= Beginning of Section =

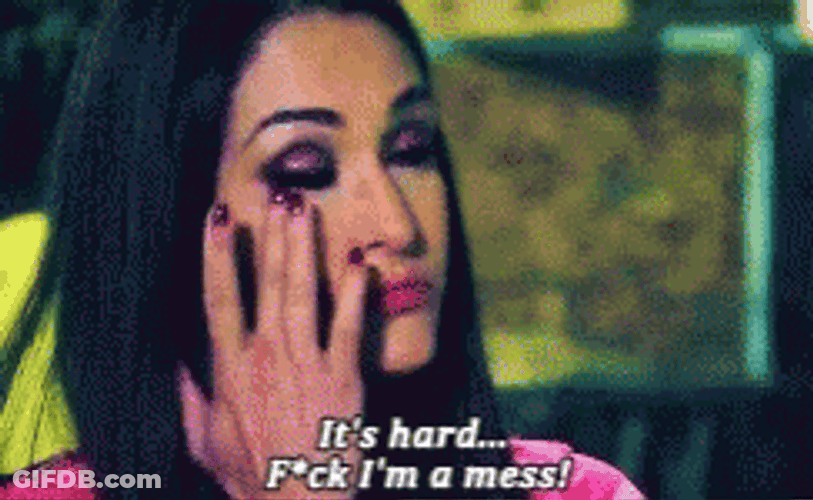 Nikki Bella Crying It's Hard I'm A Mess GIF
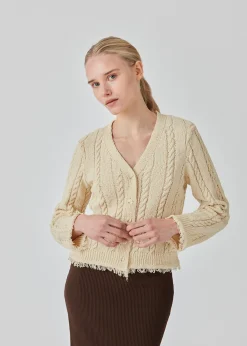 Modström FinaMD cardigan - Summer Sand< Strik & Bluser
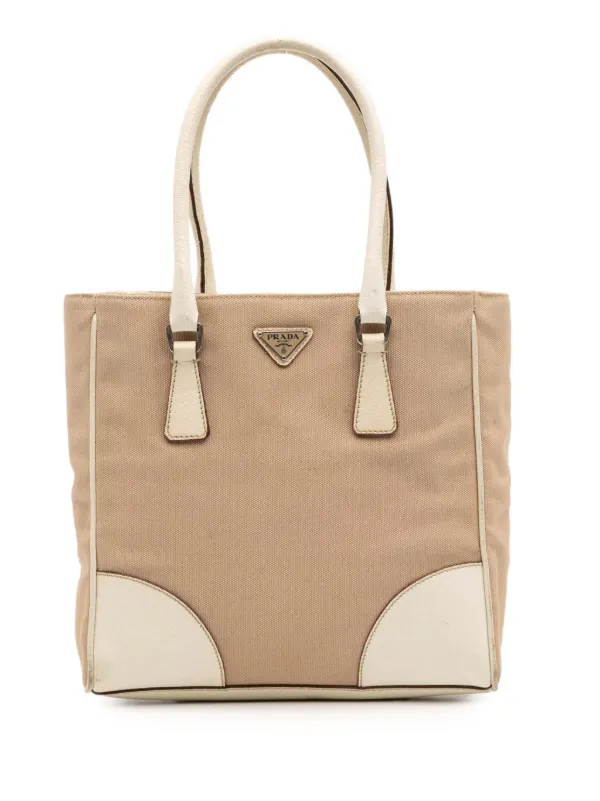 Prada Pre-Owned 2000-2013 チンギアーレ トリム キャンバス カナパ
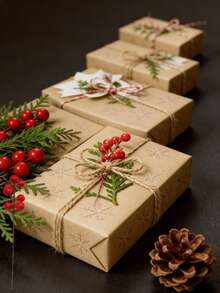 4/2 paquetes de ramas artificiales de bayas de Navidad, con bayas rojas artificiales, combinadas con espino y acebo rojo artificial. Adecuado para decoración de escenas, arreglos de jarrones, sala de estar, dormitorio, decoraciones de fiesta, adornos de mesa, decoraciones de habitación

= End of Section =

What you need to do = Leaving out all pictures, transcribe the listing exactly.

Response area =
 Nikki Bella Crying It's Hard I'm A Mess GIF
 Modström FinaMD cardigan - Summer Sand< Strik & Bluser
 Prada Pre-Owned 2000-2013 チンギアーレ トリム キャンバス カナパ
 4/2 paquetes de ramas artificiales de bayas de Navidad, con bayas rojas artificiales, combinadas con espino y acebo rojo artificial. Adecuado para decoración de escenas, arreglos de jarrones, sala de estar, dormitorio, decoraciones de fiesta, adornos de mesa, decoraciones de habitación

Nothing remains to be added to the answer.